= John Taylor (cricketer, born 1937) =

English cricketer

John Taylor (born 9 June 1937) is an English former cricketer. He was a right-handed batsman and wicket-keeper who played for Essex and Marylebone Cricket Club. He was born in West Ham.

Taylor's first representative cricket match came in a Royal Air Force XI against Yorkshire during the 1957 season, while he played his debut Second XI Championship match against Middlesex Second XI in 1959. A regular in the Second XI side during his first season, his debut first-class match came during 1960, in a match against Oxford University. His debut in the County Championship came just two months later, in a defeat to Derbyshire. He played four further County Championship matches during the season, as the team finished in sixth place in the County Championship.
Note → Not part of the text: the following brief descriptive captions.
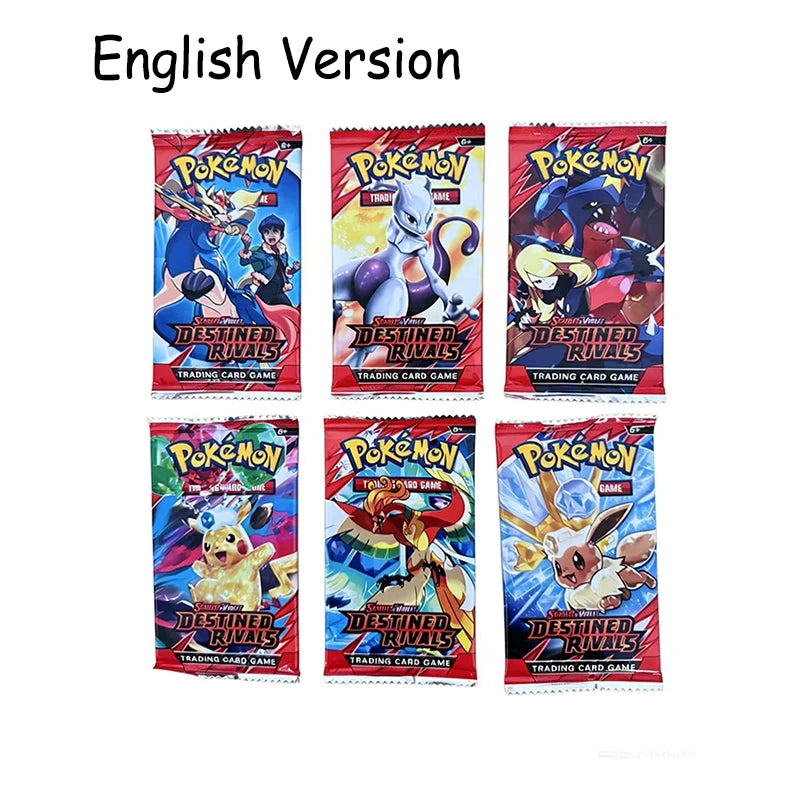 288pcs English Version Pokemon Tcg Scarlet Violet Destined Rivals Classics Booster Box Trade Card 36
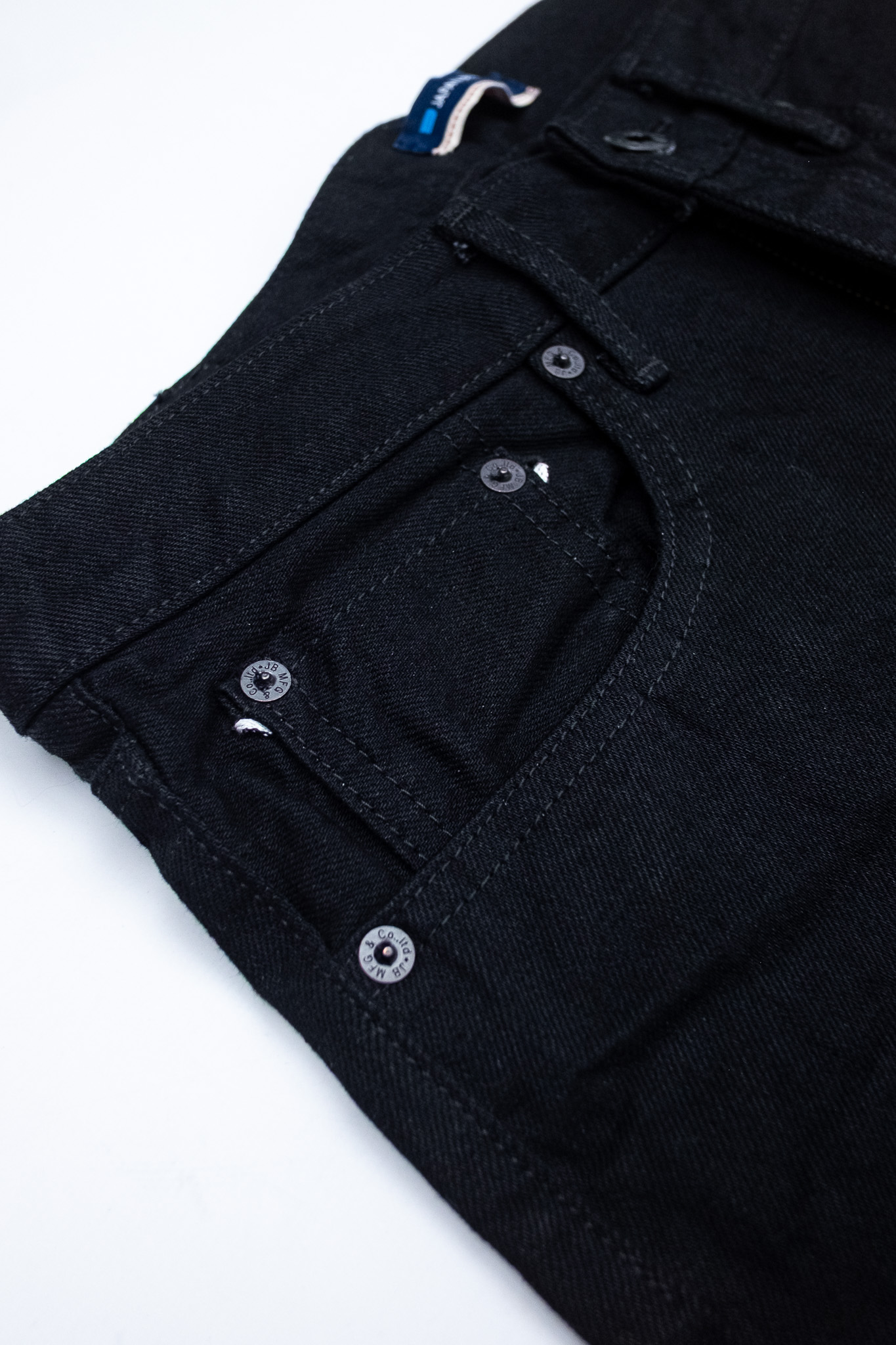 Japan Blue - J514 Black/Black Selvedge Denim Loose 14oz - 5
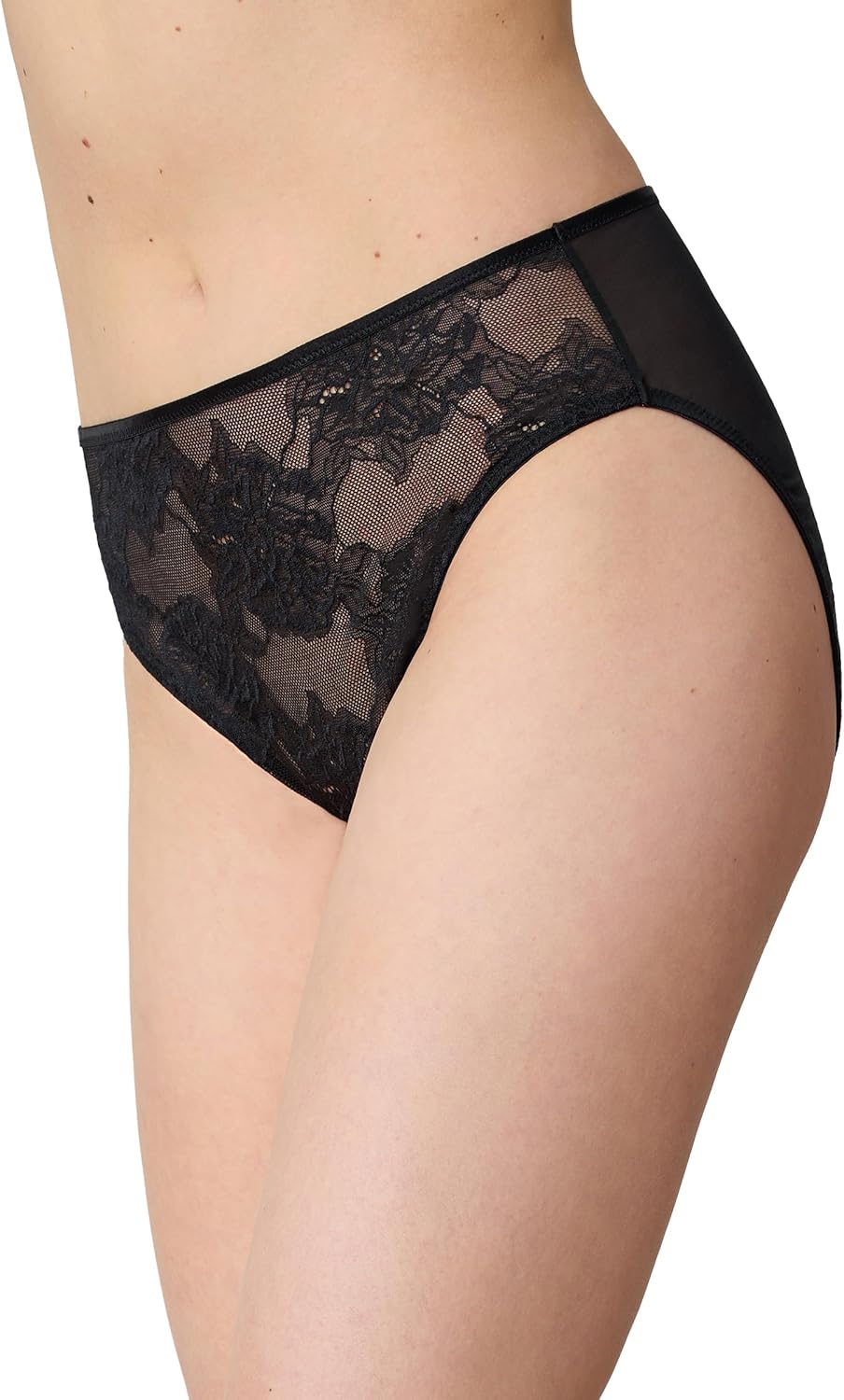 Wacoal womens Full Bloom Mesh Back Hi-cut Brief Panty, 841409 - Image 3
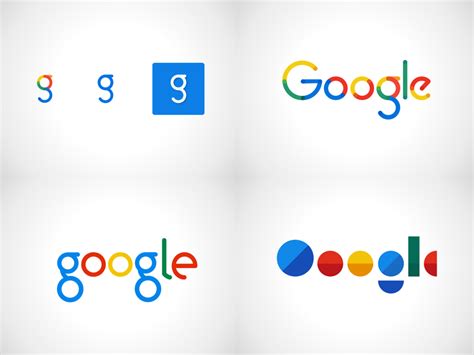 Google Logo Variations in Sketch - Misc - Download Sketch Resource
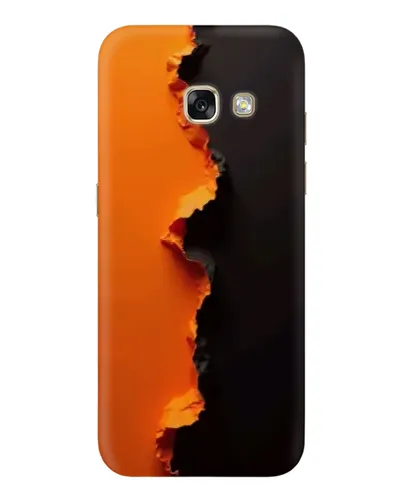 Чохол для Samsung Galaxy A3 2017 (A320, A320F) з картинкою «Помаранчевий розлом»
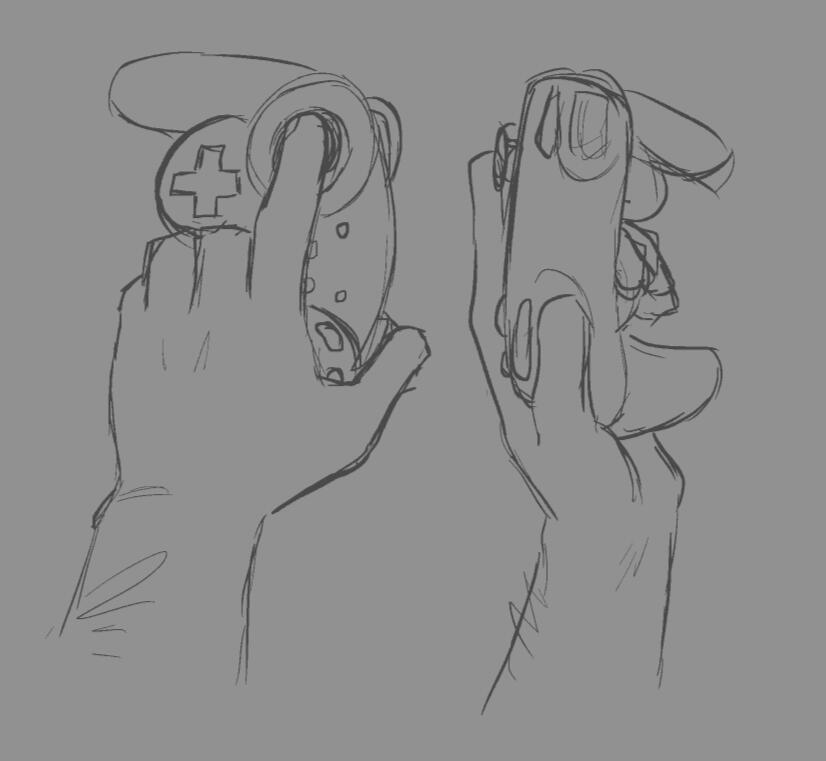 Sketch of How to Hold the Controller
Taylor featured occasionally during the following season, achieving both of his career half-centuries, including a career-high 86 against Somerset. Taylor's final County Championship appearance came towards the end of July 1961, in a match in which he finished the second innings with a duck. Essex finished seventh in the table, a slight decline on the previous year's performance, but Taylor was out of the team from then on.

Taylor made one further first-class appearance, just a day after his thirtieth birthday, playing for Marylebone Cricket Club against Cambridge University, a full six years after his final County Championship appearance.